In my last article I wrote about the definition of the ego and how to start dealing with it. I wrote that it is really indispensable to reveal our reactional patterns and emotional habits, to observe patiently how we react in certain situations.
How to do so? And what are these kinds of habits or reactions?
Let’s look closer at that topic.
Imagine — Since fifteen years you’ve been trapped in a job that you hate, that takes away all of your lust for life. And suddenly you find a job advertisement in the newspaper that promises you exactly what you always wanted. You apply for that job. You got invited to a job interview. You hardly believe your luck. And you tell yourself — this time it’s going to be different, this time your life is going to change. And then the day of the job interview approaches. The possibility of entering a new life comes closer. The possibility of destroying your actual life, of everything you have built up until now, becomes more real.
And out of nothing there is this well-known, unpleasant feeling. All these thoughts begin to pop up in your head. Is this really right? Am I doing something stupid?
Since a few days you have the feeling not being able to brath anymore. Are you afraid? No — of course not. You’re an adult. You are brave, you don’t have fear. That’s not something a grown up should have in our society — fear! Somebody who fears something, no, you’re not weak!
And very cleverly your mind starts telling you, that your actual job is much safer. Probably the new job will not suit you anyways.
Then you cancel. And you tell yourself that it was a good decision. But deep down you know you are lying to yourself, you feel guilty but you’re intentionally overlooking it. You suffer, pretending not to know why.
Here is the very source of your suffering:
You let your ego win again. You gave up your control to your deeply rooted reaction patterns. You were again the bouncy ball that is thrown into a corner by an event in life and then wildly and uncontrolled jumps back and forth. No control. No consciousness.
But if you dare to look, to observe patiently your egos reactions, you have the possibility to take over control again. Because the ego — the ego it is nurtured by fear.
If we assume that the ego is a scaffold, what you have built around your being, with which you identify with, what keeps you from dismantling it again? What keeps you from seeing yourself, your being? It is fear. Your scaffolding, your mask, your self-created self. It should show everyone how important you are, how powerful. If you took off the mask, who would you be? Under the mask you hide what nobody should see — a natural being, full of contrasts.

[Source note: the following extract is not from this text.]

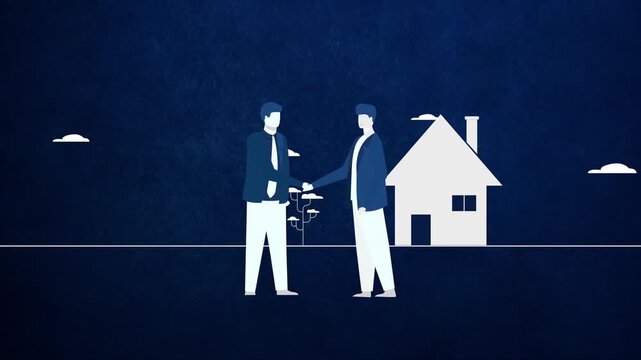 Businessmen shaking hands in front of simple house representing property agreement in minimal blue animated motion graphic video footage loop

You want to hide the dark sides from others. Over time, you no longer just hide them from others, but also from yourself.
You are no longer aware of your fears, you only react to circumstances, adapted to your self-constructed personality. Without knowing whether it is your self — because you no longer know yourself. And where there is ignored fear or unconscious fear, there is the ego. Basically, the ego is nothing more than a protective wall. Out of fear, you build your whole being on impressions that are supposed to cover your weaknesses.